- [Extracted data]:
━━━

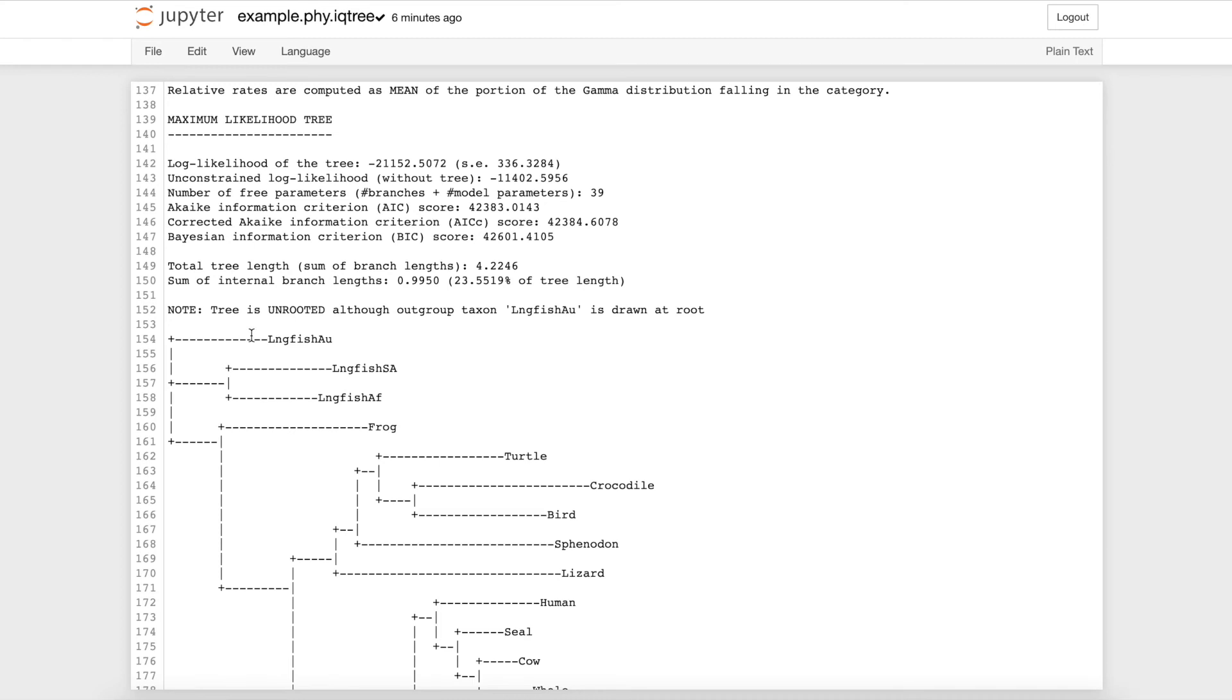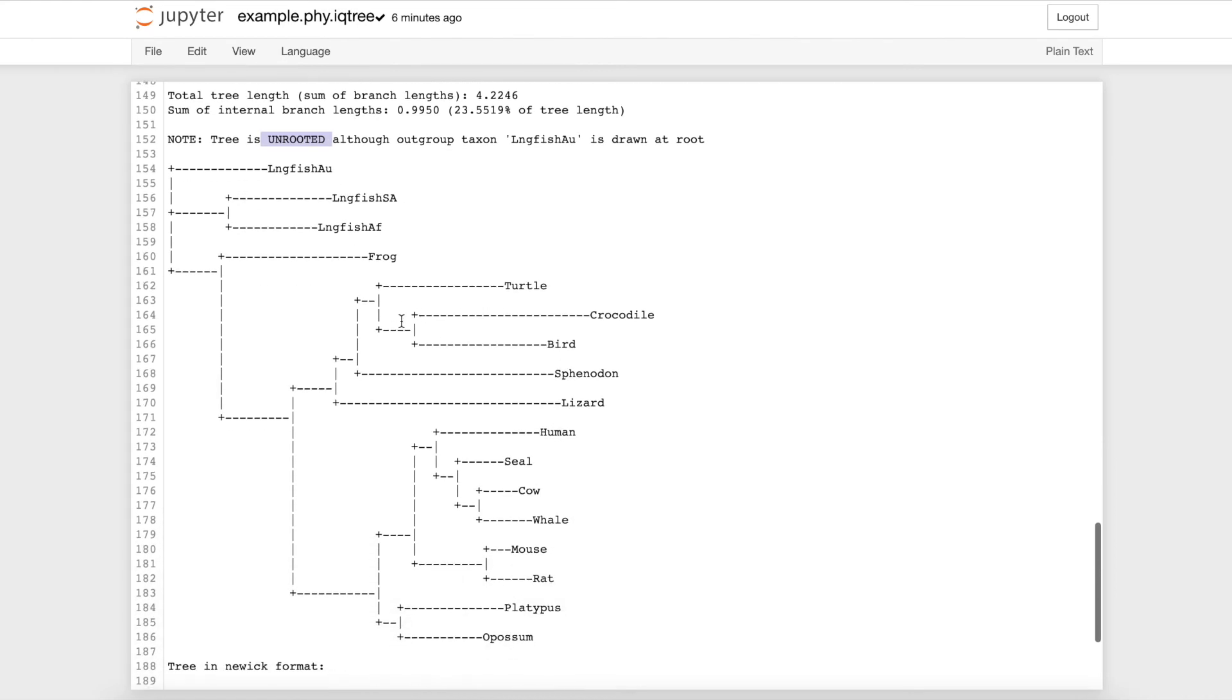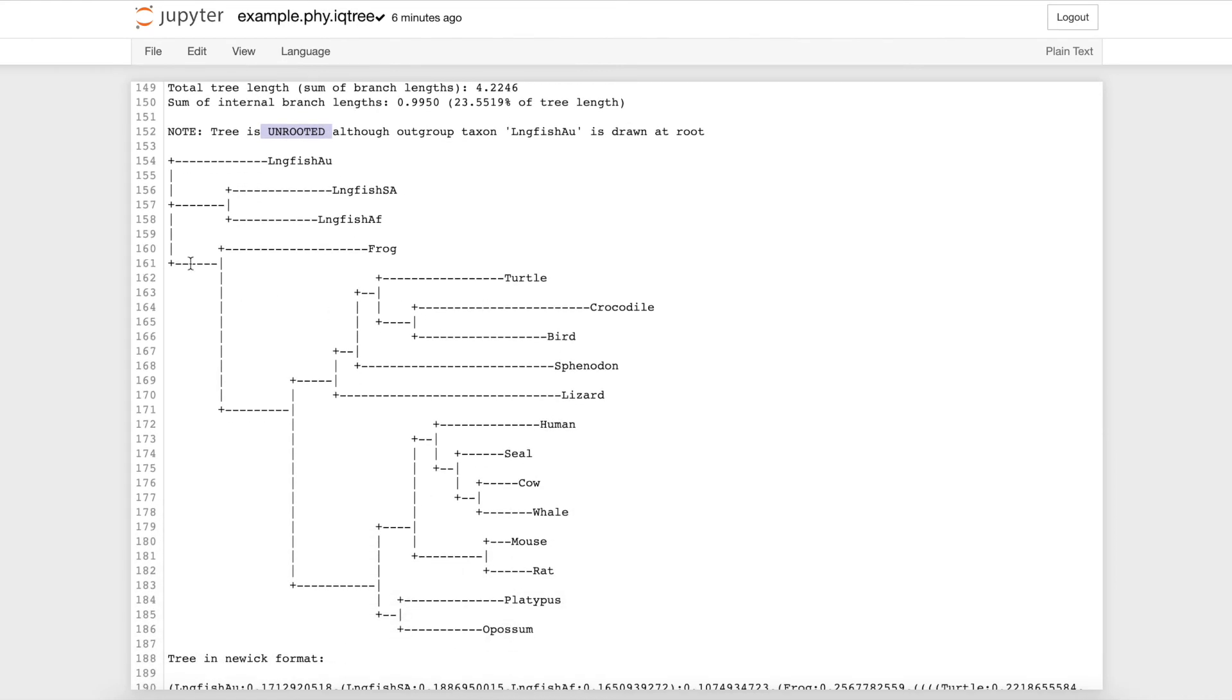Another thing to note is that the tree is unrooted, which is indicated here. This means the tree doesn't show a common ancestor for all the organisms from the file. The tree represents relations between the organisms, but doesn't indicate common ancestry.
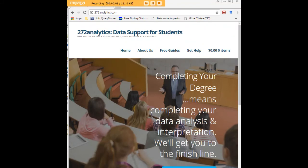I hope this tutorial was helpful to you. I would like to invite you to visit 272analytics.com for access to all our free statistics tutorials in Stata, SPSS, R, eViews, and Minitab.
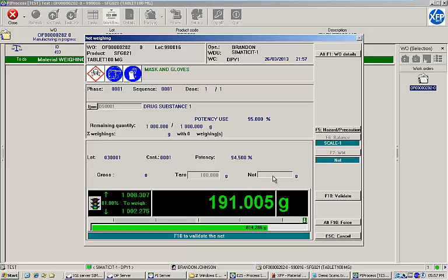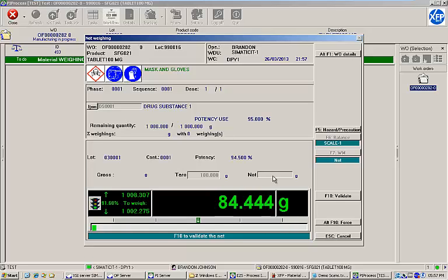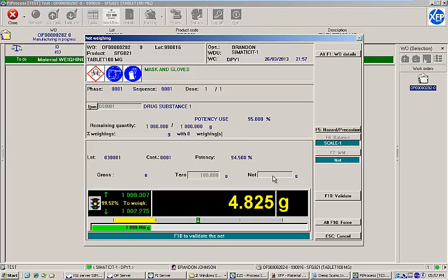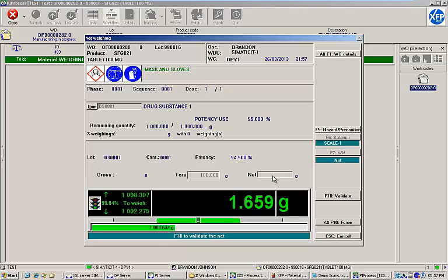As I add weight to the scale, the quantity left to weigh is tracked and displayed automatically. As I approach my range, the bar graph at the bottom of the screen turns yellow to alert me that I have almost fulfilled the requirement. Once the required range is reached, the graph returns to green.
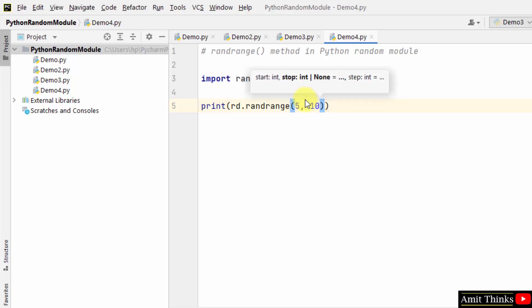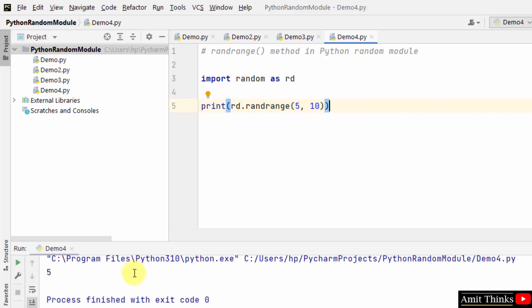With that, you can also add a step here. Step is a parameter, an integer specifying the incrementation. Let me run it like this only. So between 5 and 10, a random number will get generated. This is inclusive, so the output can be 5 or 10 for random numbers.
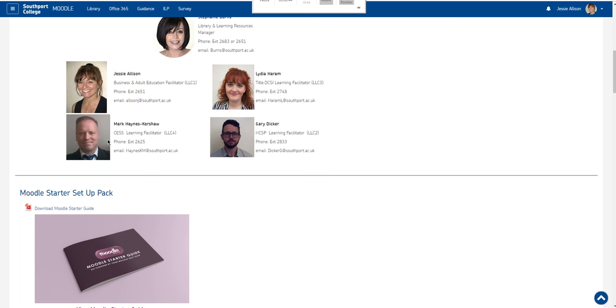Mark Haynes-Kershaw who is a facilitator for construction and engineering and sports and he's based in LLC4 and Gary Dicker who is the learning facilitator for HCSP, which is hospitality, catering and service provision.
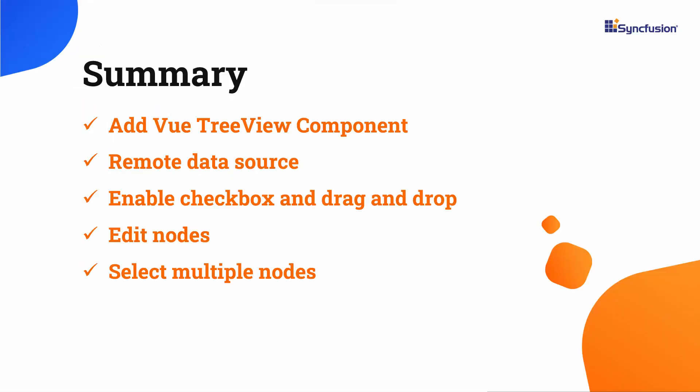In this video, we have seen how to add the Syncfusion Vue tree view component to a Vue application. We saw how to bind local and remote data sources to it, enable checkboxes, and edit nodes. Finally, we saw how to drag and drop a node and select multiple nodes at a time.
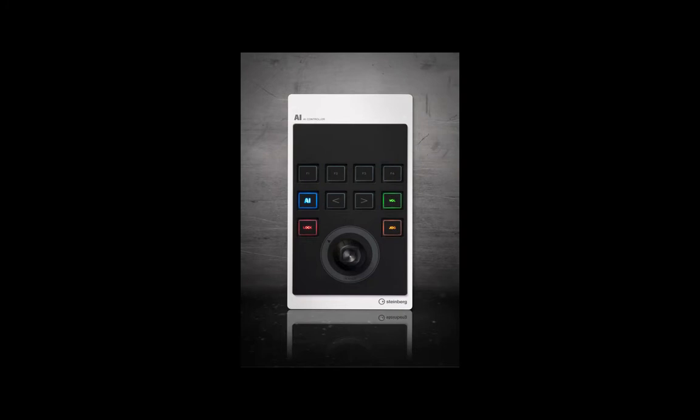The Steinberg CMC AI controller is a compact USB bus-powered controller which has many ingenious functions for speeding up your workflow.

━━━

- [What the exercise asks]:
Could you retype each line of the material above exactly, skipping the pictures?

- [Response area]:
Another thing to note is that the tree is unrooted, which is indicated here. This means the tree doesn't show a common ancestor for all the organisms from the file. The tree represents relations between the organisms, but doesn't indicate common ancestry.
I hope this tutorial was helpful to you. I would like to invite you to visit 272analytics.com for access to all our free statistics tutorials in Stata, SPSS, R, eViews, and Minitab.
As I add weight to the scale, the quantity left to weigh is tracked and displayed automatically. As I approach my range, the bar graph at the bottom of the screen turns yellow to alert me that I have almost fulfilled the requirement. Once the required range is reached, the graph returns to green.
With that, you can also add a step here. Step is a parameter, an integer specifying the incrementation. Let me run it like this only. So between 5 and 10, a random number will get generated. This is inclusive, so the output can be 5 or 10 for random numbers.
Mark Haynes-Kershaw who is a facilitator for construction and engineering and sports and he's based in LLC4 and Gary Dicker who is the learning facilitator for HCSP, which is hospitality, catering and service provision.
In this video, we have seen how to add the Syncfusion Vue tree view component to a Vue application. We saw how to bind local and remote data sources to it, enable checkboxes, and edit nodes. Finally, we saw how to drag and drop a node and select multiple nodes at a time.
The Steinberg CMC AI controller is a compact USB bus-powered controller which has many ingenious functions for speeding up your workflow.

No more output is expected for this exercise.